§ **DATA FOR THIS EXERCISE**
· · · · · · ·
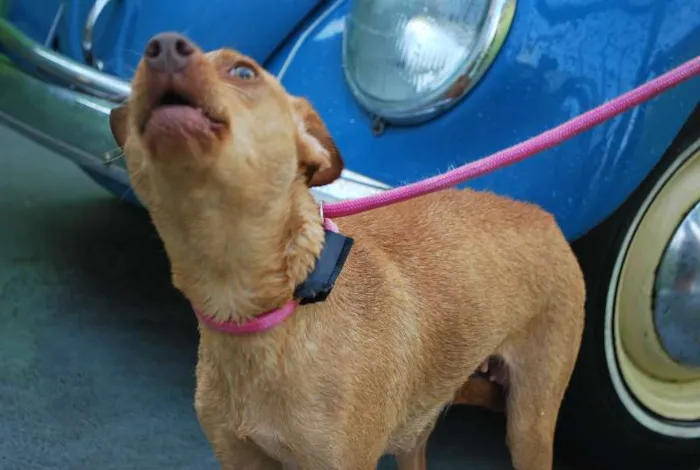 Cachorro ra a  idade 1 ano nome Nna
· · · · · · ·
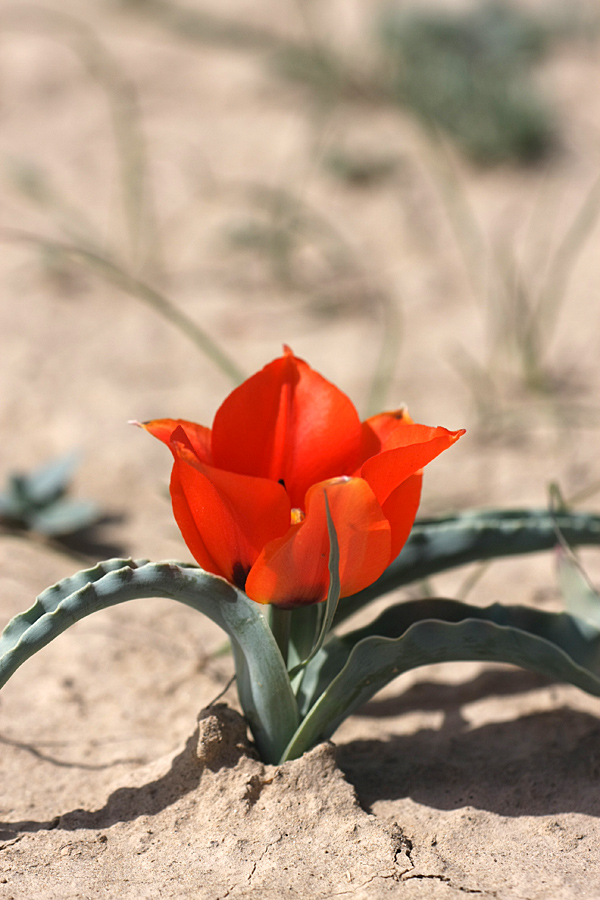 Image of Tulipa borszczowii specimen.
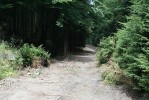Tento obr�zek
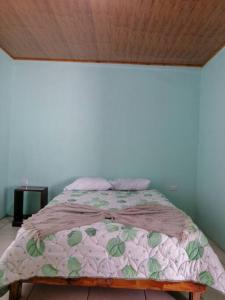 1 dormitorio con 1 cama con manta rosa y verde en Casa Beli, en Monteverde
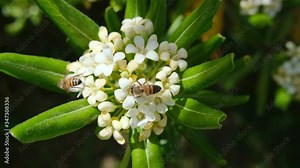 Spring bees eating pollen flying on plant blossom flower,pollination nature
· · · · · · ·
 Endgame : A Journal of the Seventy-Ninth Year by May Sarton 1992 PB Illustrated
· · · · · · ·
§ **AIM OF THE TASK**
Please return the material above only from the line that holds "Image of Tulipa borszczowii specimen." through the line that holds "Spring bees eating", exactly as it stands, ends included and pictures omitted.

§ **WRITTEN RESPONSE**
 Image of Tulipa borszczowii specimen.
Tento obr�zek
 1 dormitorio con 1 cama con manta rosa y verde en Casa Beli, en Monteverde
 Spring bees eating pollen flying on plant blossom flower,pollination nature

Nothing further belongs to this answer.